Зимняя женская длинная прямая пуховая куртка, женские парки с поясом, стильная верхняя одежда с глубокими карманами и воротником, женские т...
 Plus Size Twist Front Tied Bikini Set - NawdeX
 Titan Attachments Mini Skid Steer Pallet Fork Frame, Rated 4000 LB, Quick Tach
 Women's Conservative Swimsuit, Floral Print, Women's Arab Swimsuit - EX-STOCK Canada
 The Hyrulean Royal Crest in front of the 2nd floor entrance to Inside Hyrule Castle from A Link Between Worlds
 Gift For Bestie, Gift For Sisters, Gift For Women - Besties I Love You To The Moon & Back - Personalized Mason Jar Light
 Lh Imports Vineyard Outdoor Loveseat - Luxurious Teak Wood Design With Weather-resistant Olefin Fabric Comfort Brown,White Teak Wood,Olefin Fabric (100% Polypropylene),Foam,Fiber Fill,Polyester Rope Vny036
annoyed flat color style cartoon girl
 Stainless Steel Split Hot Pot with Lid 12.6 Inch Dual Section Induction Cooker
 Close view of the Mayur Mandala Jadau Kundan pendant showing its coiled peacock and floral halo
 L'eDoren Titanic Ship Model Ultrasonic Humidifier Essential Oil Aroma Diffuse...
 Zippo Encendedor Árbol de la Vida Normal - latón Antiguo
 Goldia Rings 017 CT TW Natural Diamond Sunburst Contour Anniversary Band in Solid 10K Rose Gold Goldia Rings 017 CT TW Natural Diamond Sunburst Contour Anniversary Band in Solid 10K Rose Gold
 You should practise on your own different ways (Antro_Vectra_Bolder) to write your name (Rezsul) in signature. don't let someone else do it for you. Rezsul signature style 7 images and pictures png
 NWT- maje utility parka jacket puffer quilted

» Problem details:
In full and without alteration, reproduce the records above.

» Written solution:
Зимняя женская длинная прямая пуховая куртка, женские парки с поясом, стильная верхняя одежда с глубокими карманами и воротником, женские т...
 Plus Size Twist Front Tied Bikini Set - NawdeX
 Titan Attachments Mini Skid Steer Pallet Fork Frame, Rated 4000 LB, Quick Tach
 Women's Conservative Swimsuit, Floral Print, Women's Arab Swimsuit - EX-STOCK Canada
 The Hyrulean Royal Crest in front of the 2nd floor entrance to Inside Hyrule Castle from A Link Between Worlds
 Gift For Bestie, Gift For Sisters, Gift For Women - Besties I Love You To The Moon & Back - Personalized Mason Jar Light
 Lh Imports Vineyard Outdoor Loveseat - Luxurious Teak Wood Design With Weather-resistant Olefin Fabric Comfort Brown,White Teak Wood,Olefin Fabric (100% Polypropylene),Foam,Fiber Fill,Polyester Rope Vny036
annoyed flat color style cartoon girl
 Stainless Steel Split Hot Pot with Lid 12.6 Inch Dual Section Induction Cooker
 Close view of the Mayur Mandala Jadau Kundan pendant showing its coiled peacock and floral halo
 L'eDoren Titanic Ship Model Ultrasonic Humidifier Essential Oil Aroma Diffuse...
 Zippo Encendedor Árbol de la Vida Normal - latón Antiguo
 Goldia Rings 017 CT TW Natural Diamond Sunburst Contour Anniversary Band in Solid 10K Rose Gold Goldia Rings 017 CT TW Natural Diamond Sunburst Contour Anniversary Band in Solid 10K Rose Gold
 You should practise on your own different ways (Antro_Vectra_Bolder) to write your name (Rezsul) in signature. don't let someone else do it for you. Rezsul signature style 7 images and pictures png
 NWT- maje utility parka jacket puffer quilted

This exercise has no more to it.